Em Interlagos, com as boas relações de Guido com os brasileiros, foi acertado um patrocínio dos Postos Hudson, por duas corridas – Brasil e Argentina. E com Cesare Fiorio começando a ajustar a casa, até que o desempenho dos dois trambolhos amarelos melhorou em Interlagos. Badoer e Montermini dividiram a última fila, mas conseguiram passar com alguma sobra do corte dos 107% do tempo da pole. Na corrida, Luca ainda chegou ao final em 11º lugar. Montermini rodou na 27ª volta e desistiu.
No GP da Argentina, enquanto Andrea conseguia um excelente 10º lugar diante das limitações do FG01B, Luca Badoer foi protagonista de um acidente incrível com seu carro, ao tocar com a Ligier de Pedro Paulo Diniz (coincidência, não?) e capotar para ficar de cabeça para baixo. O minúsculo Badoer parecia tatu saindo da toca quando conseguiu se livrar dos cintos que o prendiam no banco e escapar do carro capotado.
Ainda sem o carro novo, os dois pilotos não se qualificaram pela segunda vez em quatro corridas, no GP da Europa, em Nürburgring. E finalmente quando o FG03 ficou pronto, só havia um chassi disponível para Luca Badoer no GP de San Marino, em Imola. Carro novo para Montermini? Melhor esperar por Mônaco…
Como efeito, a bordo de um modelo já ultrapassado, diria eu tétrico, Montermini não qualificou-se num dos GPs caseiros dele e dos outros pilotos italianos – pois Imola fica em Bologna, na região da Emilia Romagna. A República de San Marino é ali pertinho, por isso a deferência. Badoer foi um pouco menos infeliz: ficou a sete décimos da Arrows de Ricardo Rosset, pôs o FG03 no grid e ainda conseguiu chegar em 10º, quatro voltas atrás de Damon Hill.
Em Mônaco, com Montermini finalmente a bordo do carro novo, o italiano, embora qualificado, não largou no circuito de rua de Monte-Carlo: acidentou-se no warm up na saída do túnel e destruiu o carro. Chassi reserva? Nem em sonho. E o grid foi reduzido a 21 pilotos, dos quais cinco sequer passaram da primeira volta. A doida corrida de Mônaco em 1996 parecia perfeita para a Forti Corse marcar seu primeiro ponto em sua existência, mas Luca Badoer pôs tudo a perder numa manobra infeliz e imprudente quando vinha em décimo: fechou a passagem de Jacques Villeneuve, que vinha para lhe pôr uma volta a bordo da Williams Renault. O canadense ficou tiririca e a FIA “suspendeu” Badoer por duas corridas com direito a três provas de sursis e uma multa simbólica de US$ 5 mil.

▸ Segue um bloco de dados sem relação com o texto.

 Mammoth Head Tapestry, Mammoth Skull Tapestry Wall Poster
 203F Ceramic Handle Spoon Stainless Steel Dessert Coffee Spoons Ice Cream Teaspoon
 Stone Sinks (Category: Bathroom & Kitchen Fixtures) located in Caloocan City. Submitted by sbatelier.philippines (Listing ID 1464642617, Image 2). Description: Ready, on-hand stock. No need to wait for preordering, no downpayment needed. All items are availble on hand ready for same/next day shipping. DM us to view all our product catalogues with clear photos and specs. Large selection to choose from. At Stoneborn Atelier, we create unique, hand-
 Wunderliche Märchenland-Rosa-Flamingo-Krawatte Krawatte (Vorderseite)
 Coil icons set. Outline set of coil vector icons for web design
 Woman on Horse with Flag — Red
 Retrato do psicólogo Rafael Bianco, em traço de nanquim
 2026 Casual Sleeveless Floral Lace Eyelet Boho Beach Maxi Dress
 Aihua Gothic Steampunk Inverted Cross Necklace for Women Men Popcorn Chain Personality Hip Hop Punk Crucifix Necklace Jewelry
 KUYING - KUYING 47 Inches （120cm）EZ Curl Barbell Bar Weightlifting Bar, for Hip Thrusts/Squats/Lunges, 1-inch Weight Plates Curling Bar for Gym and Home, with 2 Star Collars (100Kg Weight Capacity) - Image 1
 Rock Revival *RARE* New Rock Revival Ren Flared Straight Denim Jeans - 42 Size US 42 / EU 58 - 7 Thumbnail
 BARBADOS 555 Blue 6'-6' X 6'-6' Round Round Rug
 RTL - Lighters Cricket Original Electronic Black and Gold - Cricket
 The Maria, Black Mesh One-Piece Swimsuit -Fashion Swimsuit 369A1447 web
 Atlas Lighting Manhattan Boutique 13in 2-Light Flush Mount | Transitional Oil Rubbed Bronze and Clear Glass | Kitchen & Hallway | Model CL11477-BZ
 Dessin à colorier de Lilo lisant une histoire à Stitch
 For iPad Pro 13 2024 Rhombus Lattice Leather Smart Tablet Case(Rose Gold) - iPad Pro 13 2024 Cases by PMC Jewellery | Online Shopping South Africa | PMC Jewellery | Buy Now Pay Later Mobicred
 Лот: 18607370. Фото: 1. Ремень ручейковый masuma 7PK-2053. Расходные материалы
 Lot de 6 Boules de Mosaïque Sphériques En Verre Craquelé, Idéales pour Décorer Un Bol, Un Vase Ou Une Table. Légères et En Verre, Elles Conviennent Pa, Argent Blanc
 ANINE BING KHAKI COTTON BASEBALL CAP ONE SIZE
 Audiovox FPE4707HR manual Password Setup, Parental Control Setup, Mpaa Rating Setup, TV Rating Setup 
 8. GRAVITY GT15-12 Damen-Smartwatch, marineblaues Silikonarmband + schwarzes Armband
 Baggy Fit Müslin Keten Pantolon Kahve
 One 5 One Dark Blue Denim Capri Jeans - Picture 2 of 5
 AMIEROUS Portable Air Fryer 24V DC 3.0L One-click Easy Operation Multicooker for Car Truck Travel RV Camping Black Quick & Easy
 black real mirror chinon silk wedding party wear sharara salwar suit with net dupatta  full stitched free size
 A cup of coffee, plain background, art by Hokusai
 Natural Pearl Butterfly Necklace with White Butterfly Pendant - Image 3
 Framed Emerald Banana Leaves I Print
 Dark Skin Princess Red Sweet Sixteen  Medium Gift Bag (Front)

Àquela altura, quem tinha caído fora da Forti Corse fora Carlo Gancia, que cansou da brincadeira e foi para os EUA, apostar na Indy Racing League, categoria criada por Tony George e dissidente da CART, tirando desta última as 500 Milhas de Indianápolis. Enquanto o corpulento brasileiro passaria a fazer parte daquela cizânia toda, Guido Forti vendeu 51% das ações do time ao Grupo Shannon.
Grupo Shannon? Pois é: um austríaco com fama de estelionatário comandava essa Shannon, com sede na Irlanda. E, do nada, essa Shannon atacou com tudo no automobilismo internacional, mais ou menos – guardadas as proporções – da mesma forma que a Lotus agiu ano passado. Além da entrada de um novo sócio majoritário, o time tinha outras novidades: Cesare Fiorio saíra para a Ligier, entrando em seu lugar Daniele Coronna, que imediatamente chamou o engenheiro George Ryton para trabalhar no desenvolvimento do FG03.
A equipe italiana apareceu com um novo – e duvidoso – visual nos seus carros, que passavam a ostentar uma pintura verde e branca com aplicações de vermelho a partir do GP da Espanha. A entrada da Shannon na sociedade não trouxe benefícios em Barcelona e pela terceira vez no ano os dois pilotos não se qualificaram juntos para uma mesma corrida.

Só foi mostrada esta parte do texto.